New Delhi: The government will allow unrestricted export of 55 lakh bales of cotton from 1st October but dispatches beyond the ceiling would attract export duty of Rs2500 per tonne, reports PTI quoting a government official.
Cotton production this season, starting next month, is projected at a record 330 lakh bales, the official told PTI.
In the cotton year 2009-2010 (Oct-Sep), the production was 292 lakh bales. One bale is equal to 170 kg.
The decision to allow unrestricted export of 55 lakh bales was taken at a meeting of commerce secretary Rahul Khullar, agriculture secretary P K Basu and textiles secretary Rita Menon here on 1st September, he said.
However, exporters will have to register their overseas contracts with the Textiles Commissioner. The registration process is scheduled to start from 15th September, he said.
With domestic consumption estimates of 220 lakh bales, the country may have a closing stock of 50-55 lakh bales at the end of the season.
While cotton exports aggregated about 83 lakh bales during the last season and closing stocks 40.5 lakh bales, the government had brought in several restrictions in the wake of high prices of the natural fibre.
Cotton prices had increased by about 35% in the global market between October 2009 and May 2010.
The commerce secretary had earlier said that overseas shipments of cotton beyond the quota would attract export duty.
The export restrictions, which were mostly announced during April-May this year, included export duty of Rs2,500 per tonne and suspension of registration of new export contracts, besides restriction of shipments under the licence regime.
The government has also announced doing away with the licence regime.
Chandigarh: State-owned insurance major Life Insurance Corporation of India (LIC) today said that will invest a sum of Rs1,000 crore to develop a mall-cum-office complex at Mohali, reports PTI.
"The expected investment in developing a mall-cum-office complex in Mohali will be Rs1,000 crore and it may be ready within one-and-a-half to two years," a senior LIC official, who declined to be identified, told reporters here.
On 9.6 acres of land LIC has proposed to build 6 lakh square feet of area for this project. "Three lakh square feet will be developed for shopping and a mall while remaining 3 lakh square feet area will have offices," he said.
Currently, LIC is in the process of hiring an architect for this ambitious real estate project. Consultancy agency IL&FS has also submitted its report on how to go about this project, he revealed.
LIC had bought 9.6 acres of land at a prime location through an auction, which was conducted by Greater Mohali Area Development Authority in 2008 by shelling out Rs465 crore.
Interestingly, throughout the auction, LIC remained the sole bidder for this project and paid just over Rs1 lakh per square yard, which was the highest ever rate in the region at that point of time.
LIC has already developed real estate projects in Mumbai and Bangalore. "LIC has also plans to develop a shopping mall in Kolkata where it possesses 5 acres of land," he further said.
Besides, LIC has 3.6 acres of land in Ludhiana which it bought in September 2008 at a sum of Rs228 crore.
New Delhi: The government today decided to allow the export of about 2,50,000 tonnes of sugar over the next three months, enabling mills to meet a part of their total export obligation of nearly one million tonnes, reports PTI.
Mills had imported 20.75 lakh tonnes of sugar in the 2004-05 crop year (October-September) under the Advance Licence Scheme (ALS), which makes it mandatory for mills to export an equal quantity later. Mills are still left with an export obligation of nearly one million tonnes and the deadline is March, 2011.
"We have decided to allow mills to meet their export obligation in two tranches. Mills can export 25% of the quantity (9,67,000 tonnes) in the next three months and the rest of the quantity after November," a senior food ministry official told PTI.
Mills cannot export the sweetener without the release order from the ministry.

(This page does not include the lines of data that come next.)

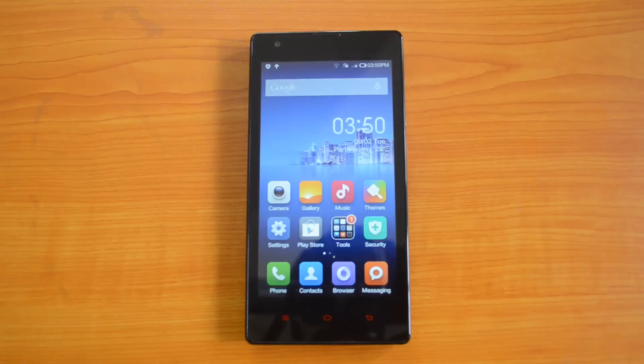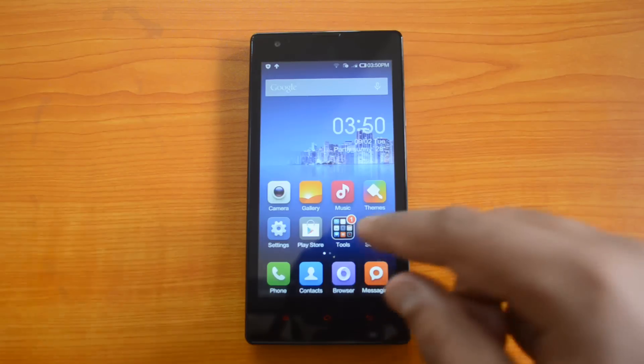Hey guys, this is Normal Here for Technique. In this video, I'll show you how to update the Xiaomi Redmi 1S to the latest version. Whenever there's an update released, you can download it over the air and install it on your device. Let's see how this works.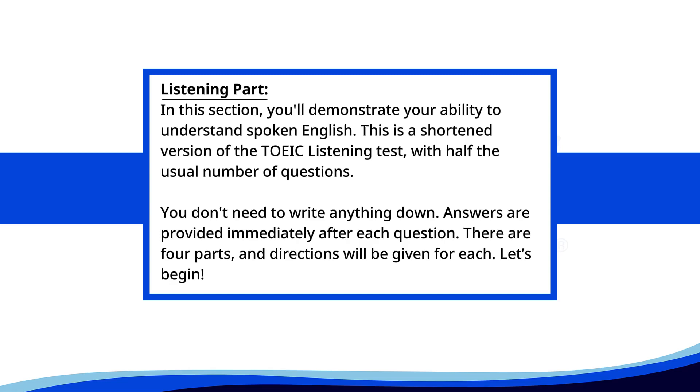Listening test. In this section, you'll demonstrate your ability to understand spoken English. This is a shortened version of the TOEIC listening test, with half the usual number of questions. You don't need to write anything down. Answers are provided immediately after each question. There are four parts, and directions will be given for each. Let's begin.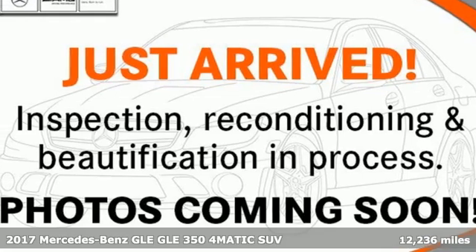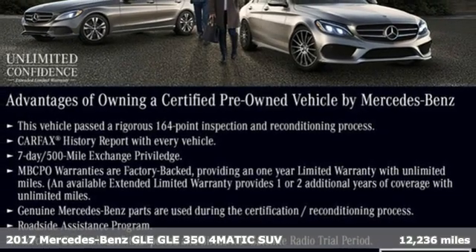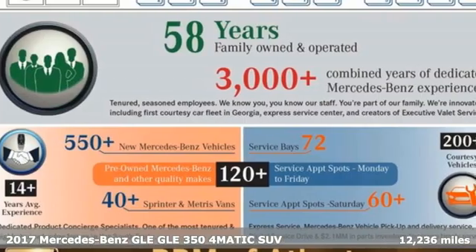Here's a certified 2017 Mercedes-Benz GLE. To get the best, get a Mercedes-Benz. It comes with great features you'll love.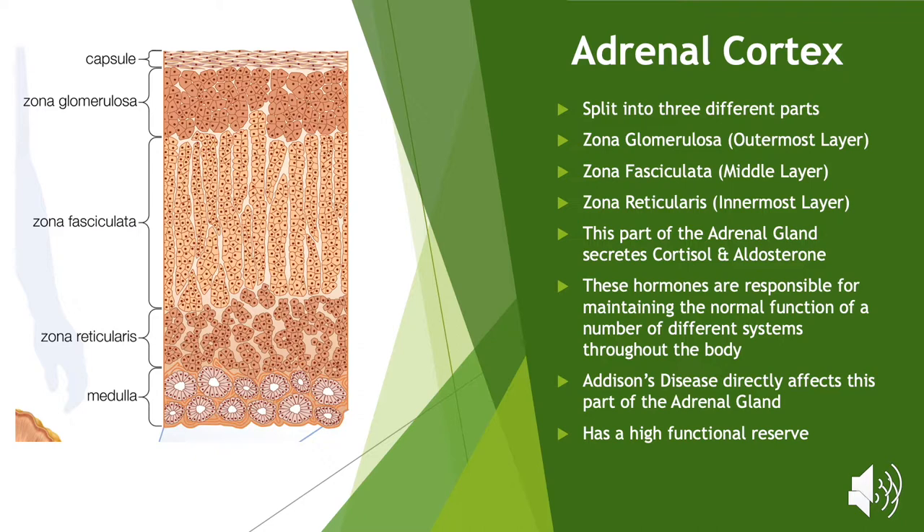If we look at Lola and how she is presenting in hospital we can now begin to understand why she is presenting with a variety of non-specific symptoms. In Addison's disease the body's immune system mistakenly attacks healthy adrenal cortex tissue, however the reason why this occurs is still largely unknown. The adrenal cortex has a high functional reserve, meaning that even a small part of healthy tissue can still produce the cortisol and aldosterone the body needs. It is estimated that up to 90% of the adrenal cortex can be destroyed before symptoms even begin to show.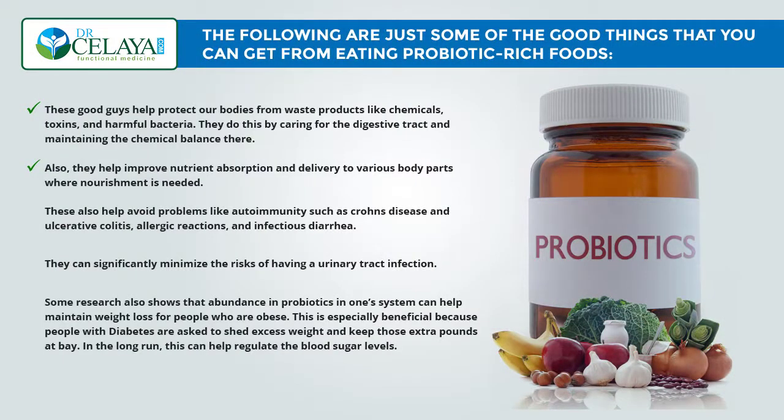They also help improve nutrient absorption and delivery to various body parts where nutrients are needed. They also help avoid problems like autoimmunity such as Crohn's disease and ulcerative colitis, allergic reactions, and infectious diarrhea. They can significantly minimize the risk of having a urinary tract infection.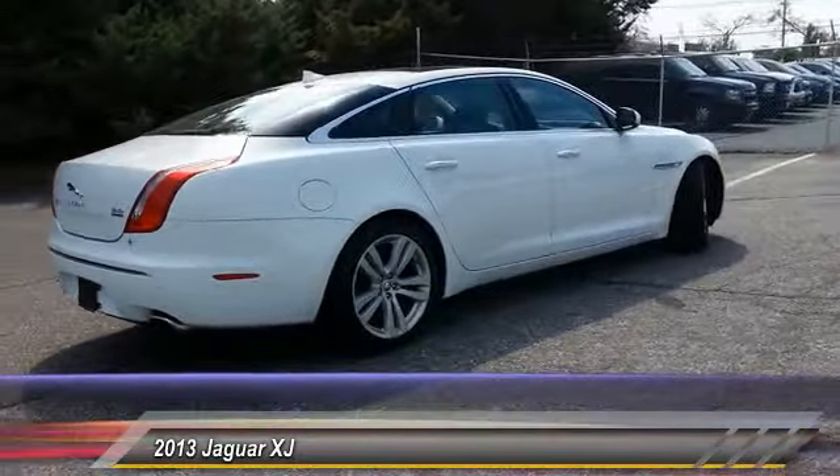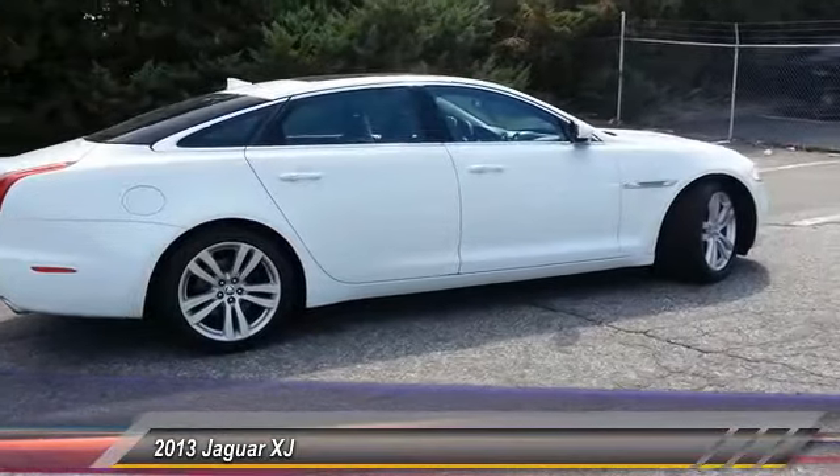Take this vehicle for a spin and see why so many shoppers are now proud owners.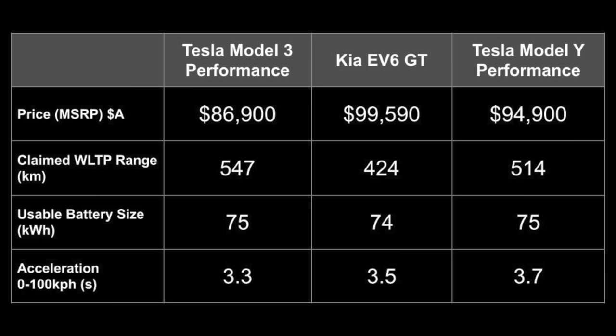Kia Australia has told me there is a six-month waiting list for the EV6 Air and even longer for the GT Line and GT variants.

The government has decided to allow sugar exports as the country is likely to achieve a higher production than the annual demand in 2010-11 (October-September) after two year's of low output.
India's sugar production is estimated at 25.5 million tonnes in 2010-11, while demand is pegged at 23 million tonnes.
Furthermore, the retail prices have declined by 40% since mid-January. Retail sugar prices, which touched nearly Rs50 a kg in Delhi in mid-January, have come down to Rs30 per kg now.
In December last year, the Cabinet Committee on Economic Affairs (CCEA) had decided to extend the deadline to meet the export obligation till March, 2011, considering the low production of the sweetener during the current season, ending September.
It also gave an option to millers to pay customs duty as applicable during the relevant period and get exempted from the export obligation.